Simultaneous Determination of Schisandrin and Promethazine with Its Metabolite in Rat Plasma by HPLC-MS/MS and Its Application to a Pharmacokinetic Study
This study aimed to develop a selective, simple, and sensitive HPLC-MS/MS method for the simultaneous determination of schisandrin and promethazine (PMZ) with its metabolite in rat plasma, which was further used for a pharmacokinetic herb-drug interaction study. HPLC-MS/MS analyses were performed on an Agilent Technologies 1290 LC and a 6410 triple quadrupole mass spectrometer. The following parameters, the lower limit of quantification (LLOQ), calibration curve, accuracy, precision, stability, matrix effect, and recovery, were validated. The linear range of the developed method for PMZ, its metabolite promethazine sulfoxide (PMZSO), and schisandrin in rat plasma was 0.5–200 ng/mL (R2 > 0.995), with an LLOQ of 0.5 ng/mL, which completely met the determination requirements of biosamples. The intra- and interday precision (RSD, %) was below 13.31% (below 16.67% for the LLOQ) in various plasma, whose accuracy (bias, %) was from −8.52% to 11.40%, which were both within an acceptable range. This method was successfully applied to a pharmacokinetic herb-drug interaction study after oral administration of PMZ with or without S. chinensis water extract.
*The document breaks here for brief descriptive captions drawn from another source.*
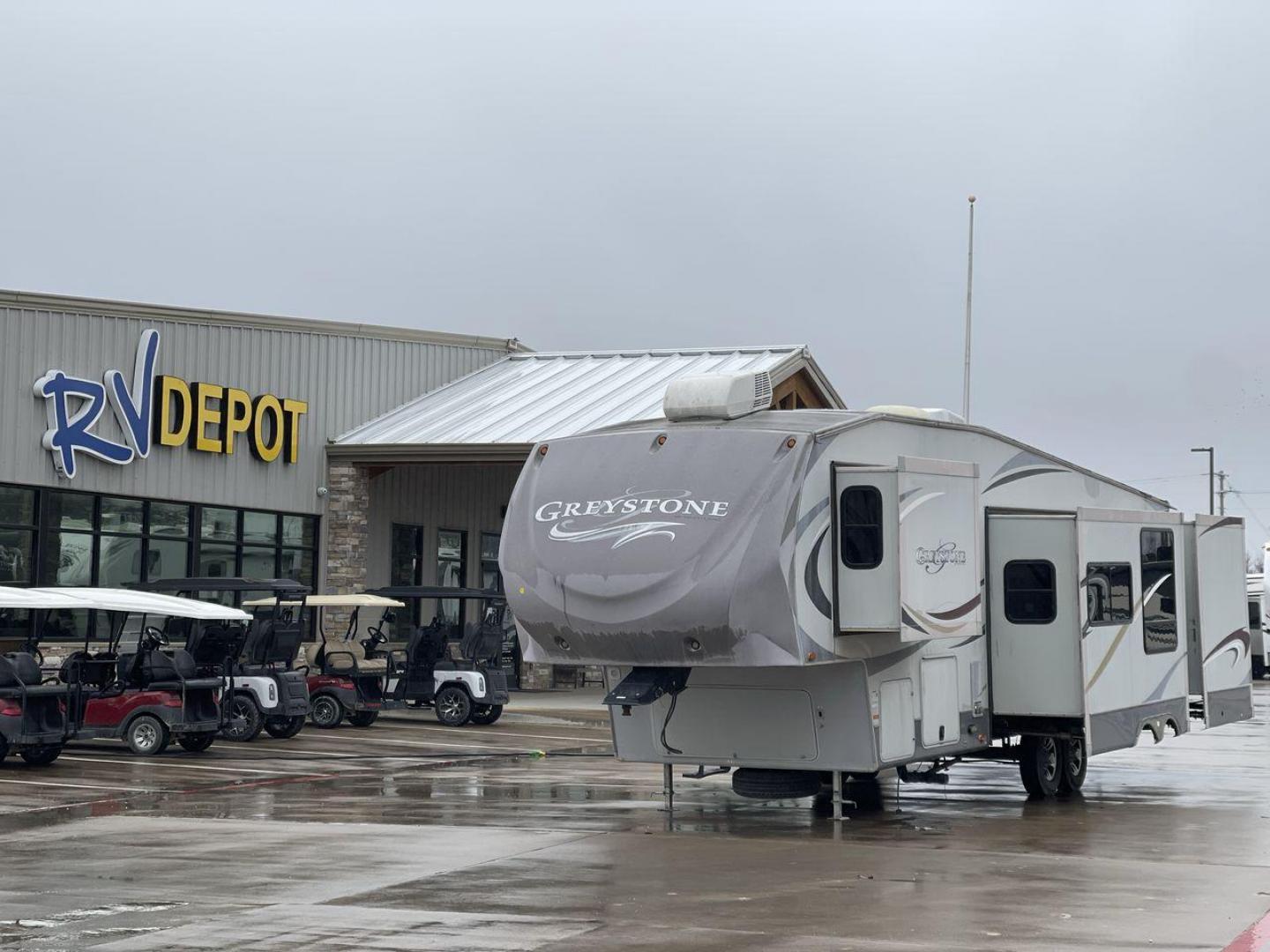 2011 GRAY GREYSTONE 33QB - (5SFSG3624BE) , Length: 36.8 ft. | Dry Weight: 11,466 lbs. | Gross Weight: 13,935 lbs. | Slides: 4 transmission, located at 4319 N Main St, Cleburne, TX, 76033, (817) 678-5133, 32.385960, -97.391212 - Reasons to buy this RV include: (1) With four generous slide-outs, the interior space of this RV expands dramatically, providing ample room for relaxation and entertainment. (2) It features high-gloss fiberglass finish offers a sleek, modern aesthetic while providing a durable and low-maintenance - Photo#0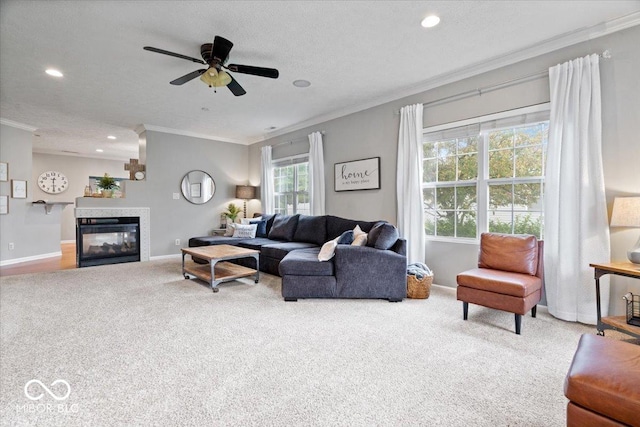 1905 Persimmon Grove Dr, Indianapolis, IN 46234 - carpeted living room featuring ornamental molding, baseboards, recessed lighting, a glass covered fireplace, and a ceiling fan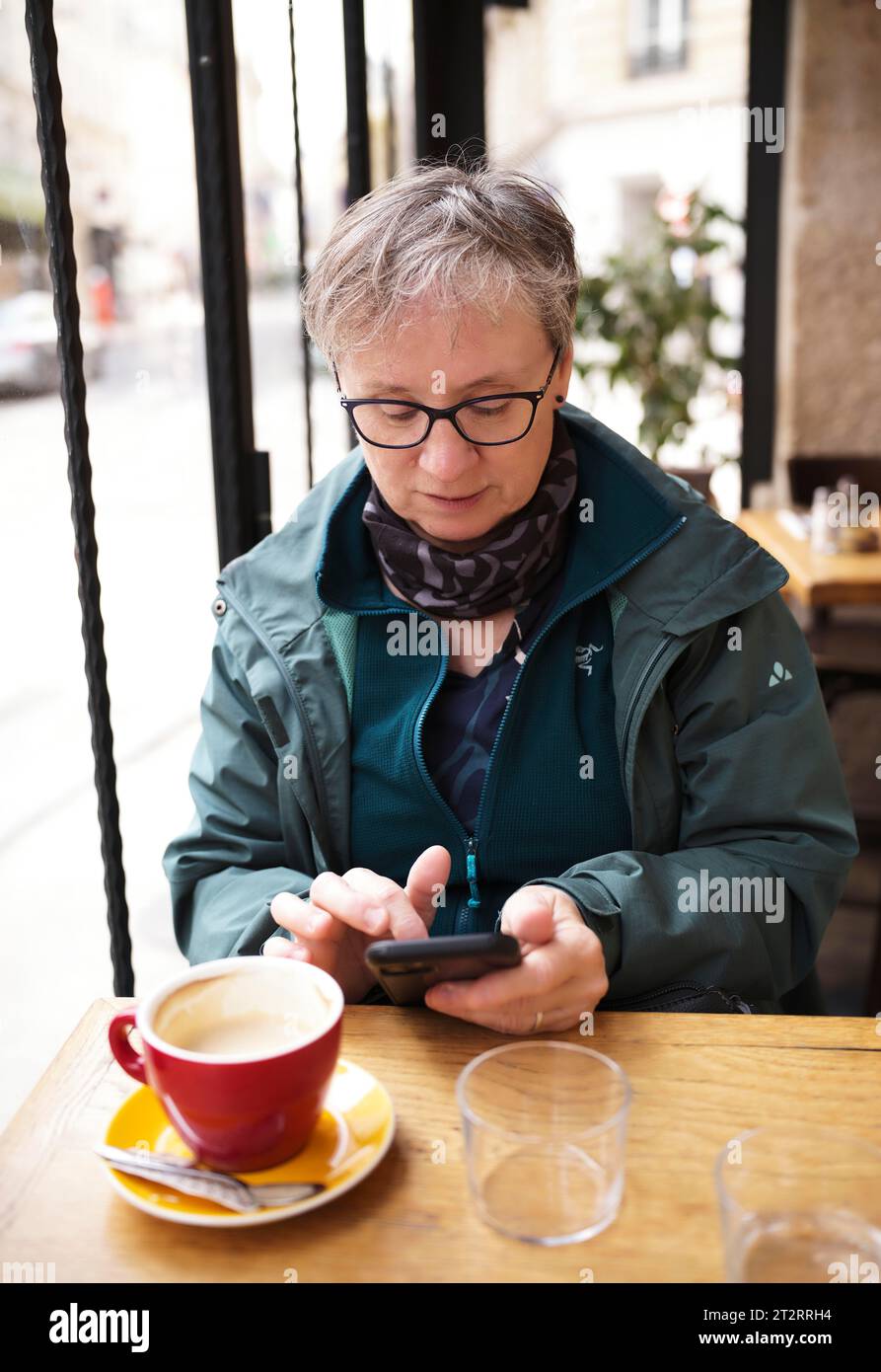 Ältere Frau, Best Ager, sitzt im Café, trinkt Kaffee, tippt Smartphone, Mobiltelefon, Paris, Frankreich Stockfoto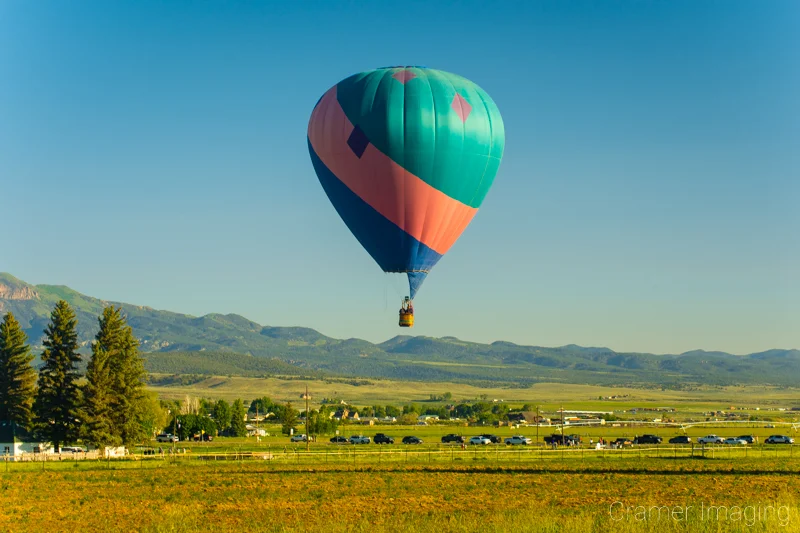 Fine art photograph of a tri-colored hot air balloon soaring over a farm field in Panguitch, Utah by Audrey Cramer Photography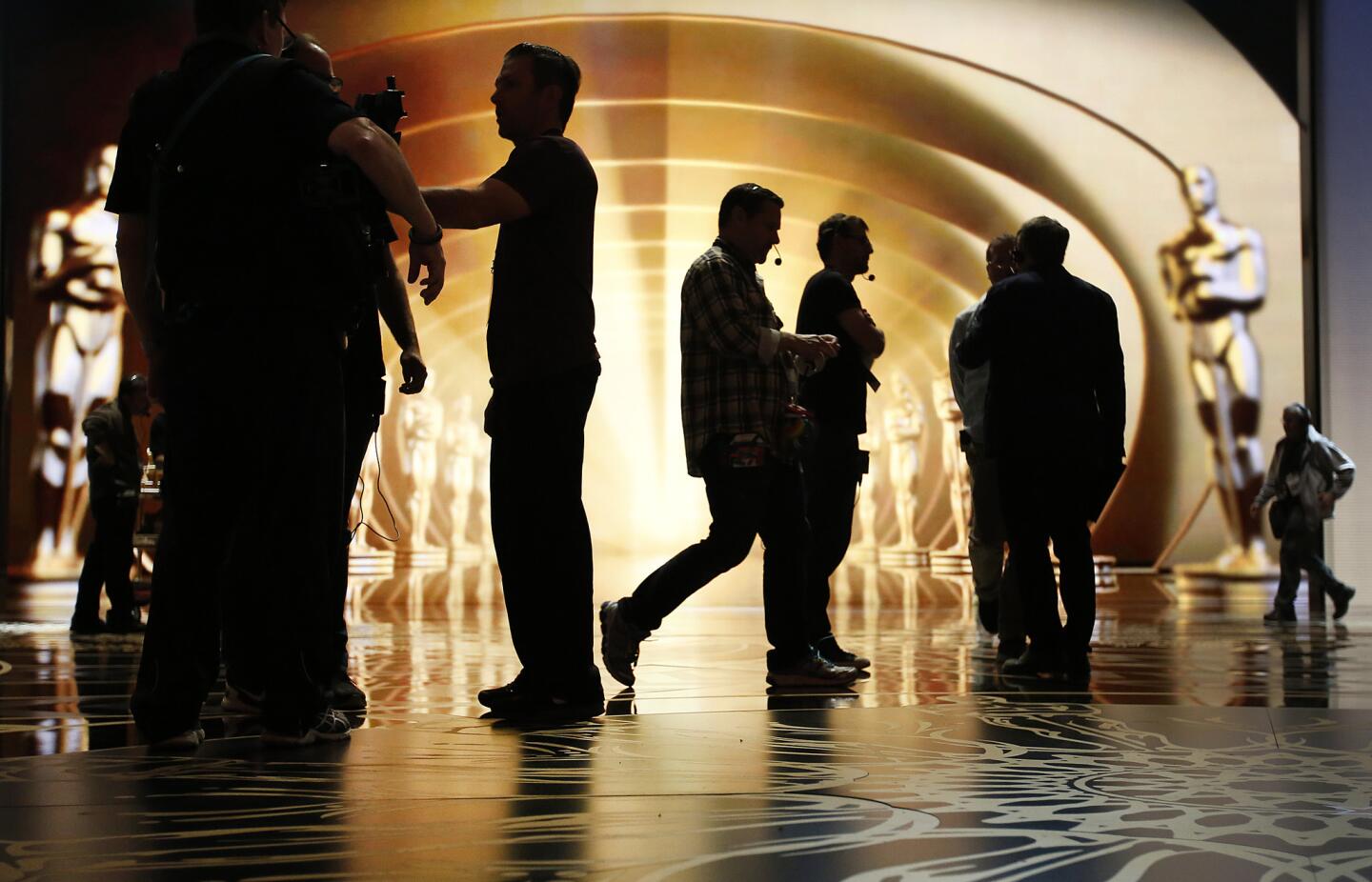 Stage managers and crew were in constant motion Saturday during rehearsals at the Dolby Theatre for Sunday's 88th annual Academy Awards.
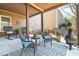Comfortable covered patio with outdoor furniture and decorative rug at 4183 Hill House Sw Rd, Smyrna, GA 30082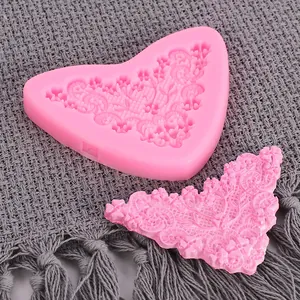 Vue détaillée d'un moule en silicone rose en forme de cœur avec des motifs floraux en relief.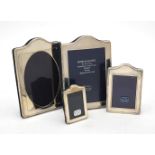 Four silver mounted shaped rectangular photo frames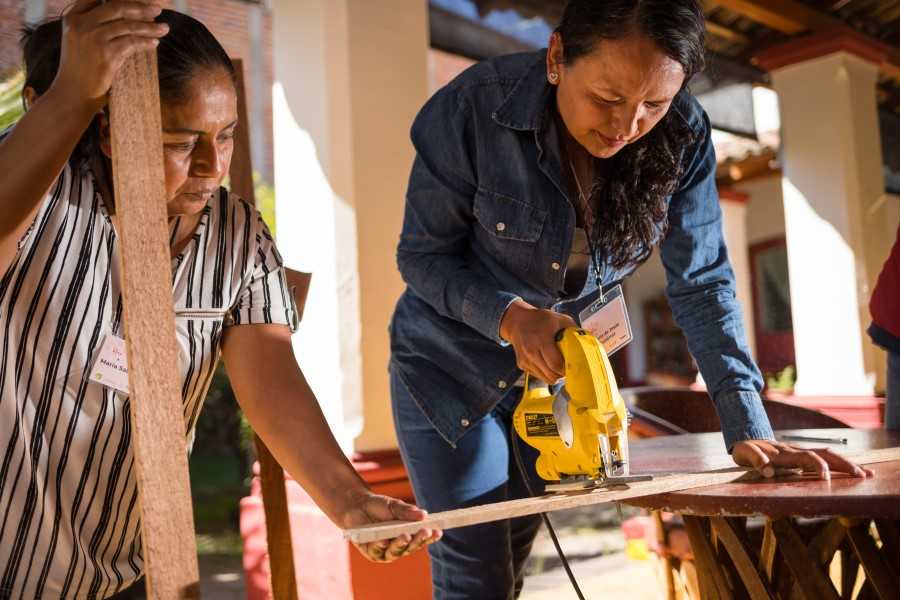 Woman sawing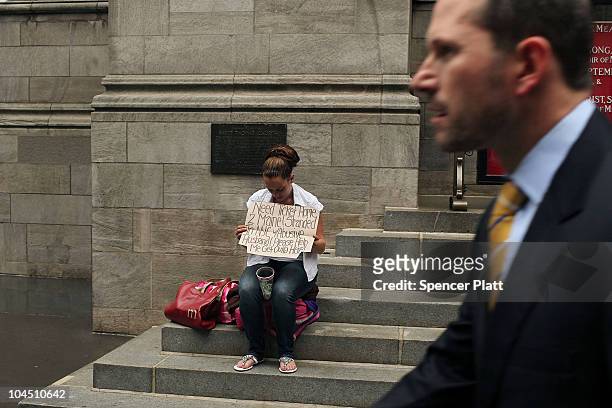 Business man walks by a homeless woman holding a card requesting money on September 28, 2010 in New York City. A new report released by the U.S....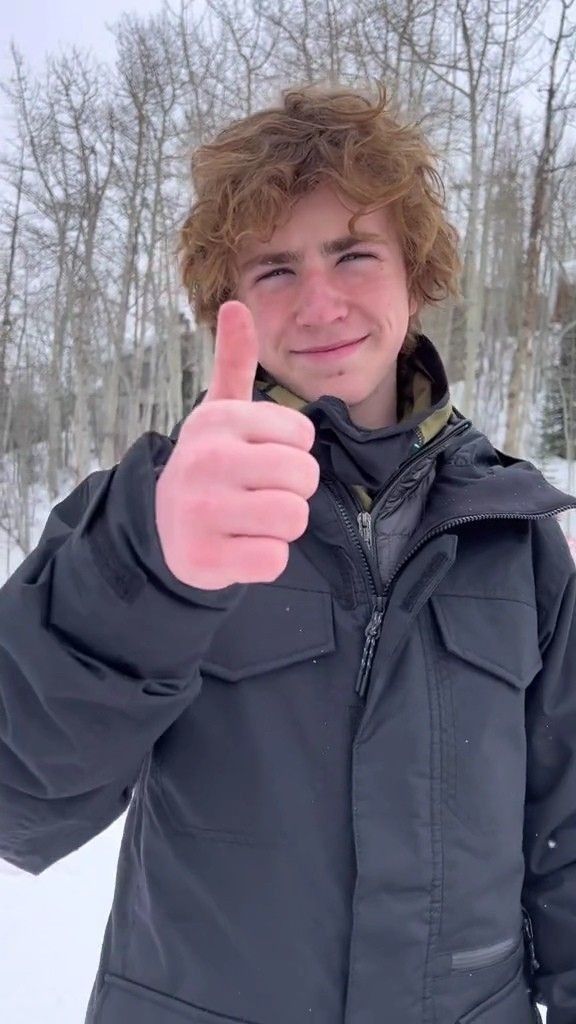 a young man is giving the thumbs up sign in front of some snow covered trees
The results demonstrated that coadministration with the S. chinensis water extract might affect the pharmacokinetic behaviors of PMZ. In turn, when taken together with PMZ, the pharmacokinetic parameters of schisandrin, the main active component of S. chinensis, were also affected. The method established in the current study was selective, simple, sensitive, and widely available with good linearity, high accuracy and precision, and a stable sample preparation process. Moreover, this analytical method provides a significant approach for the investigation of herb-drug interaction between S. chinensis and PMZ. The potential pharmacokinetic herb-drug interaction of PMZ- and schisandrin-containing preparations should be noted.